Fred Brown
This is a pipe, with apologies to René Magritte, The Treachery of Images (Ceci n’est pas une pipe), in a little word play on the title of the 1929 surrealist masterpiece.
This time of year, it is always good to look back and to find things for which we are thankful, real things that made us happy, and make us want to move forward in life.
My pipes are some of those life things. They are always with me, physically or playing around in my memory. They never fail to perform a needed emotional lift just when I need it.
I am happiest when I have my pipes around me. Well, also my grandchildren also fill in nicely if my pipes are not handy.
Pipes even provide passionate succor even if not lit and billowing plumes of creamy smoke. Just knowing my pipes are “there” is enough.
My pipes are my best inanimate friend. At times, a particular pipe takes the place of another voice, or a friendly, smiling face. They bring joy in a sometimes joyless world. My pipes encourage smiles through a thickening darkness.
During holidays, such as those in front of us now, we often are reminded that it is a time of giving, not just things, but of oneself.
In the past, I have given friends pipes and tobacco. To some in today’s rather unforgiving society, that may sound like the worst thing in the world as a gift.
To me, gifting a pipe with some tobacco will provide a lifetime of love and pleasure. Today’s society notwithstanding, of course.
A friend got me started on this wonderful journey more than 50 years ago. A simple bent billiard from a drugstore cardboard.
The endowment was a Kaywoodie combined with a tin of Prince Albert neatly tied in a red ribbon.
The card a simple message: I hope this gift brings you joy forever. Merry Christmas.

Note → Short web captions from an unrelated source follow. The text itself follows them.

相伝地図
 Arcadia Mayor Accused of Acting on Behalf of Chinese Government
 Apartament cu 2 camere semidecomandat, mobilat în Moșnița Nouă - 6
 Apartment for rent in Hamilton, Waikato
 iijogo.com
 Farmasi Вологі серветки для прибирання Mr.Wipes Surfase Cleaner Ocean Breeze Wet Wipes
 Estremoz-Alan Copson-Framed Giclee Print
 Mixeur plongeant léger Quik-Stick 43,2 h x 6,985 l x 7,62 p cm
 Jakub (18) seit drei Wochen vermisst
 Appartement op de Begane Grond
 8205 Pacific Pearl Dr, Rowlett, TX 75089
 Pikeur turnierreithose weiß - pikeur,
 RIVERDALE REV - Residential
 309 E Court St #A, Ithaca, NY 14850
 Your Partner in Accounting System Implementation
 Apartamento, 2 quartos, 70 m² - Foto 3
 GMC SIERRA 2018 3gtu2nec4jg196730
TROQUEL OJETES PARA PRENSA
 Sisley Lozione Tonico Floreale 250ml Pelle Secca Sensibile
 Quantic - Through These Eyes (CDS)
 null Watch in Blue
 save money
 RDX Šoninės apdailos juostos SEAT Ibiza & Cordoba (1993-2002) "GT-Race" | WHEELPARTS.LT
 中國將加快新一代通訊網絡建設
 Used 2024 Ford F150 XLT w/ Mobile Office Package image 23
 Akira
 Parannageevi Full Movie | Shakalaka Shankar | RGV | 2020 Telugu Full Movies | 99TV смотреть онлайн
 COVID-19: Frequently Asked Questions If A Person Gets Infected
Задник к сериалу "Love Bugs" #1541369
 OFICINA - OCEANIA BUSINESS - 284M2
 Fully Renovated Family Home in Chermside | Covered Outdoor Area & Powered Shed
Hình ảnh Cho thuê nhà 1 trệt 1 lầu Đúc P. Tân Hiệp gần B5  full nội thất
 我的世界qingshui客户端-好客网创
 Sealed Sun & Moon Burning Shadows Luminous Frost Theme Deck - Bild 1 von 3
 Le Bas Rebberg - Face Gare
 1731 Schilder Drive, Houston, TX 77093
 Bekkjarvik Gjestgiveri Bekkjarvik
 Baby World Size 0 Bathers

And that is exactly what that long-ago offering has done: brought me joy forever.
I smoke that Kaywoodie now and then and think back to the day so long ago and all the moments that have come and gone.
Days have been plentiful with beauty. And there have been days of sadness as well, as in any life story.
The Kaywoodie continues to connect me to that point in time. It’s almost a sci-fi time travel segment: I was there, and now I am here.
And that connectedness goes a long way beyond just friendship and gifts.
In this humblest of ways my life has been swaddled in that bent billiard, now caked, and scarred.
The pipe has been around the world with me, on many a trip and dark corner. It was my talisman in times of stress and fear.
Yes, fear. Frightful times in another place where danger was at hand.
Fear on another occasion when a plane landed safely just barely catching a piece of the runway and avoiding disaster by dropping into the Gulf of Mexico.
There was the frightful time when bullets flew close, singing their dreadful air-borne music near a holy site in Israel.
My Kaywoodie, my good-luck charm from so many years ago, was with me. I clutched it often to make sure.
So, the pipe is damaged and dented. Like me.
But we are still here together and that is the important message. We are here to be with our friends and family in this winter of our thankfulness.
I am forever grateful for that Kaywoodie and will take it with me when I make my last trip into the unknown as so many friends before me.
Some things in our lives push themselves to the front of the line. It is my hope for all my pipe-smoking friends that you, too, have a pipe that speaks to you in evocative ways this time of year.
My pipe collection, probably like yours, has grown over time. New, shiny, fancier pipes have arrived and nudged and nestled their way into my heart.
There were days when the Edward’s Pipe Store in Atlanta, Ga., seemed like a second home. There was coffee steaming on the counter and pipes on the wall and in glass cases. Tobacco scent filled the store with its aroma, like vanilla ice cream on peach cobbler.
That store was a place of dreams.
And like my beloved Kaywoodie, with its small, rubbed smooth piece of wood that has latched onto me, my many other pipes bring a kind of ringing joy.
Sublime joy. My pipes provide not only a sense of well-being, but also act as a repository of memories as time lengthens.
We often overlook our blessings in life and forget that we should be grateful. In the midst of chaos and clamor, we, the pipe smoker, have a way to shield all that noise. Our pipes.
Like me, at times you probably find yourself needing a friend, something to lift spirits, to buoy mind and body above the roar of the crowd.
My pipes fill that role nicely.
I hope you have such a buoy out there holding you aloft from the crashing waves and keeping your thoughts straight and deep, down there where the rich veins of quiet and peace reside.
Happy holidays, all. Smoke in peace and harmony with yourself and others.
And if you listen closely, that is the story your pipe so expertly relates.
C’est une pipe!
Incredible piece.
Wonderful writing, Fred. Cheers!
Well said!
Fine essay! Had to interrupt in the middle to walk a hole on the golf course and smoke a beloved pipe and contemplate a bit.
Good stuff! Well written and meaningful to the true pipe smokers (It’s not just a pipe)…
What a wonderful piece of writing. Thank you.
Oh! How this article resonates, as I sit with a classic claw & egg meerschaum on this quiet Christmas Eve. It was a Christmas gift from my father back in 1967, or so; and it has been my companion — and connection to him — for over 50 years.